On multiple occasions at the end of November and in early December, Washington asked, requested, and then ordered Lee to bring his command into Pennsylvania so the army may be reunited. Lee hesitated, drug his feet, and then began to grow fond of the idea of having his own independent command in New Jersey away from the reigns of his superior, whose abilities he doubted. While Washington waited, Lee wrote to Congress on December 8 that he planned to stay east of the Delaware River and “annoy, distract, and consequently weaken [the British] in a desultory war.” On December 10, his command marched into Morristown, New Jersey, and two days later moved south west to Bernardsville. It was here, that Lee decided to search for more suitable conditions for a general to make his headquarters for the evening.
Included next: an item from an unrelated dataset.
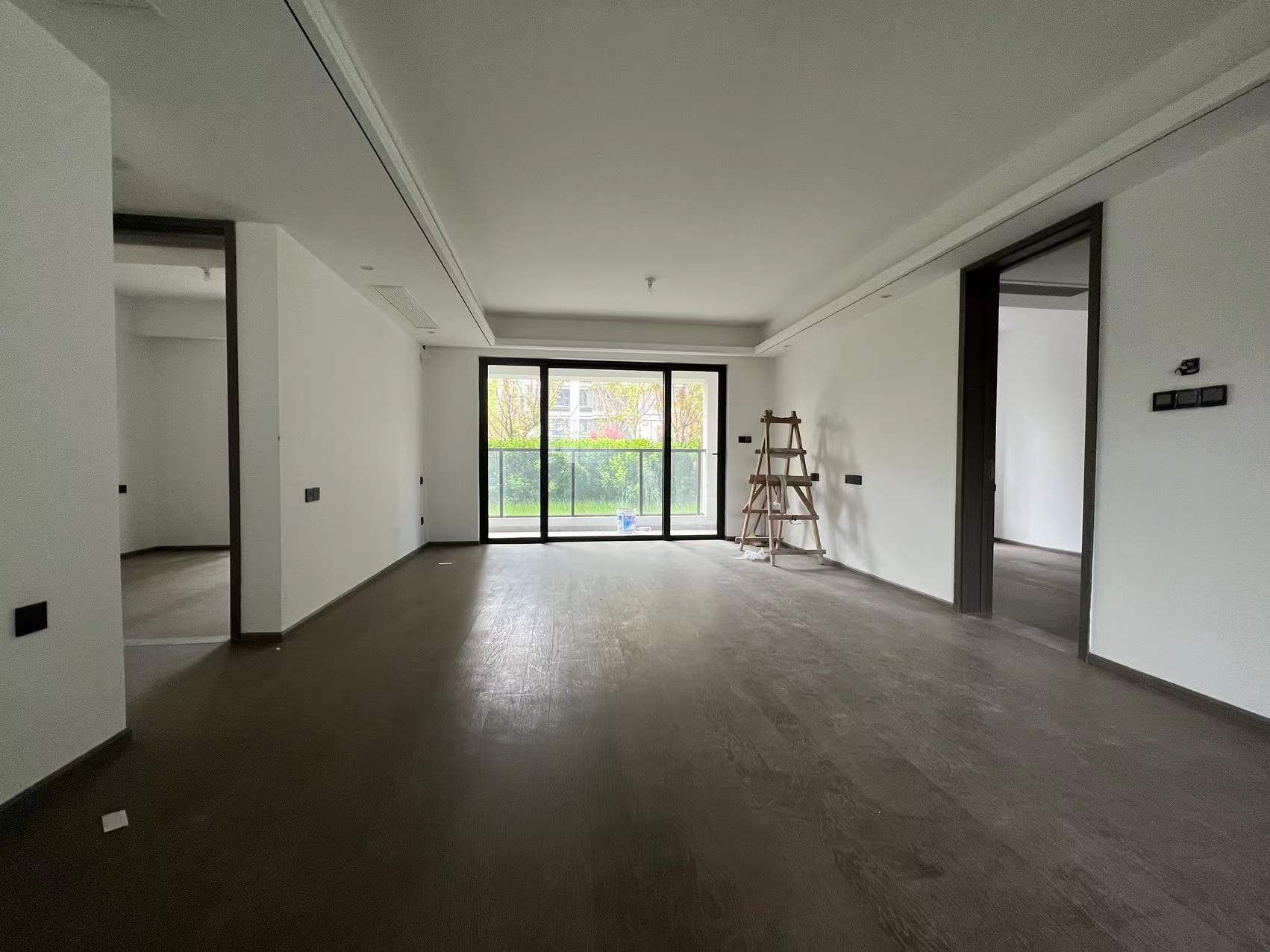 美的云筑 4室2厅2卫 143m²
He found what he was looking for three miles to the east in Basking Ridge at the two-story Widow White’s Tavern. With him, he took his aide, Major William Bradford, two French volunteer officers, and fifteen guards who situated themselves around the building. That evening, Major James Wilkinson, General Horatio Gates’s aide, rode to White’s Tavern with a dispatch for Lee from his superior.
While Lee and his party got themselves comfortable that night, British dragoons were galloping about Central Jersey trying to find out all they could about Lee’s command’s whereabouts. Lieutenant Colonel William Harcourt, 22 year old Cornet Banastre Tarleton, and thirty or more horsemen of the 16th Dragoons had left General Charles Cornwallis’s headquarters at Pennington earlier in the day and rode willy-nilly to Hillsborough on their intelligence gathering mission without any success. They made their camp there in a house that was lit on fire in the middle of the night, forcing them to make a hasty escape and sleep within a hay barn. Early the next morning, they mounted up and continued on their task. Tarleton and several other dragoons were sent ahead of the rest of the group.
As the sun rose, the two groups headed in the direction of Morristown, scooping up several rebels along the way, but only receiving sketchy information about the enemy’s location. Near Basking Ridge, their luck changed as a rider from Gen. Sullivan was intercepted who had just returned from Lee’s headquarters. He led Tarleton and Harcourt within sight of White’s Tavern. Harcourt quickly formulated his plan of action—Lee was there, and he was going to capture this grand prize. Young Tarleton was ordered to rush the guards at the front of the structure, while he took his party around the back to surround and cut off their escape. It was 10 a.m.
As the dragoons prepared to make their attack, Lee was still inside White’s Tavern. Even though his command had begun to march out of Bernardsville, he chose to stay behind and finish breakfast and dictating a response to Wilkinson for Gates. His response was a clear shot at Washington: “… entre nous [between us], a certain great man is damnably deficient—He has thrown me into a situation where I have my choice of difficulties—if I stay in this Province [New Jersey] I risk myself and army and if I do not stay the Province is lost forever … unless something which I do not expect turns up we are lost—our counsels have been weak to the last degree….” Lee had no idea of the risk he was actually facing at that moment.
Shots rang out from outside after Lee finished his message. Tarleton and his dragoons swept out through the woods and violently fell upon the general’s guard. “I went on at full Speed,” Tarleton later recounted, “when perceiving 2 [guards] at a Door and a loaded Waggon; I push’d at them making all the Noise I cou’d. The [guards] were struck with a Panic, dropp’d their arms and fled. I order’d my Men to fire into the House thro’ every Window and Door, and cut up as many of the Guard as they cou’d.” Within minutes the fire ceased and the cornet demanded Lee and everyone inside the tavern to surrender or he set fire to it and kill them all. Lee was upstairs during the fighting hoping and watching for reinforcements. They would not come. Recognizing the inevitable, he sent Maj. Bradford outside to inform Tarleton that he would surrender.
In the wake of the skirmish, Bradford, Wilkinson, and one of the Frenchmen managed to make their escape. Lee, however, would not be so fortunate. After surrendering himself to Harcourt, he was taken back to Pennington, sent to New Brunswick, and eventually to New York City for confinement. He would not be paroled and returned to the Continental Army for nearly sixteen months. The American army and the status of its cause for independence which it fought and bled for would be much different then.